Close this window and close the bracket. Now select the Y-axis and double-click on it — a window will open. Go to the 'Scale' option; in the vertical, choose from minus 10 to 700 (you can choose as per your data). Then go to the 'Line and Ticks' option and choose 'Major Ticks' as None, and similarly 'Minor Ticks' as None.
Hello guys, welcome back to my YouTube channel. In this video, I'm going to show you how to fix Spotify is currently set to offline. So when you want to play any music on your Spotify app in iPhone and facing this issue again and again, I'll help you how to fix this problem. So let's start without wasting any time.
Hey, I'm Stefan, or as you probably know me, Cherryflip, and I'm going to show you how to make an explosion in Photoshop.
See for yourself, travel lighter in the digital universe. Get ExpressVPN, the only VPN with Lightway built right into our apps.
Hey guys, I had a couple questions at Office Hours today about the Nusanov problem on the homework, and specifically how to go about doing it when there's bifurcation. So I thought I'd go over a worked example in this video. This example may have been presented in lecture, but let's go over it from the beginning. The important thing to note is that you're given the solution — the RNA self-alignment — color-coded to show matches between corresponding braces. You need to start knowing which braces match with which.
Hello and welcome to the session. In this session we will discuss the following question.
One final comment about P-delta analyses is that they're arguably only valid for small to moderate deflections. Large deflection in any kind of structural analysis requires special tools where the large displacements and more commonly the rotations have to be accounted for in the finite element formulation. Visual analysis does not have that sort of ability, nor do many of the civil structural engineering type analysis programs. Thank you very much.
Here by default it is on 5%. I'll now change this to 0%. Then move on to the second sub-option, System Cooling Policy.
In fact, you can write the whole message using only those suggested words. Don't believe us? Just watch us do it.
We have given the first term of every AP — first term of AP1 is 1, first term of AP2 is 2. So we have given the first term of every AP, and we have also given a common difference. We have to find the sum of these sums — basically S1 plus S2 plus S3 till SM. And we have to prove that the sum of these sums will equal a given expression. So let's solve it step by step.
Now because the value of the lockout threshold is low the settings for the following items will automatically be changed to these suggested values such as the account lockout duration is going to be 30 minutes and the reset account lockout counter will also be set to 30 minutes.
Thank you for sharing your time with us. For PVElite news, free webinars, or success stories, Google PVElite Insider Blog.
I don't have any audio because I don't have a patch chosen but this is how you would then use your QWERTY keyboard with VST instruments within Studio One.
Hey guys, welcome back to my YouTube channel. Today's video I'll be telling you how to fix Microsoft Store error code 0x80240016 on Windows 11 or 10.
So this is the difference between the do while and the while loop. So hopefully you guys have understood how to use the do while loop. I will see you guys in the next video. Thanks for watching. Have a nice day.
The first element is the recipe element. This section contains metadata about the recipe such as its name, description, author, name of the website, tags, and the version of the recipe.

+++

_Exercise_:
Reproduce word for word only the first line of the listing above and each line after it through the line with "Hello and welcome".

_Written solution_:
Close this window and close the bracket. Now select the Y-axis and double-click on it — a window will open. Go to the 'Scale' option; in the vertical, choose from minus 10 to 700 (you can choose as per your data). Then go to the 'Line and Ticks' option and choose 'Major Ticks' as None, and similarly 'Minor Ticks' as None.
Hello guys, welcome back to my YouTube channel. In this video, I'm going to show you how to fix Spotify is currently set to offline. So when you want to play any music on your Spotify app in iPhone and facing this issue again and again, I'll help you how to fix this problem. So let's start without wasting any time.
Hey, I'm Stefan, or as you probably know me, Cherryflip, and I'm going to show you how to make an explosion in Photoshop.
See for yourself, travel lighter in the digital universe. Get ExpressVPN, the only VPN with Lightway built right into our apps.
Hey guys, I had a couple questions at Office Hours today about the Nusanov problem on the homework, and specifically how to go about doing it when there's bifurcation. So I thought I'd go over a worked example in this video. This example may have been presented in lecture, but let's go over it from the beginning. The important thing to note is that you're given the solution — the RNA self-alignment — color-coded to show matches between corresponding braces. You need to start knowing which braces match with which.
Hello and welcome to the session. In this session we will discuss the following question.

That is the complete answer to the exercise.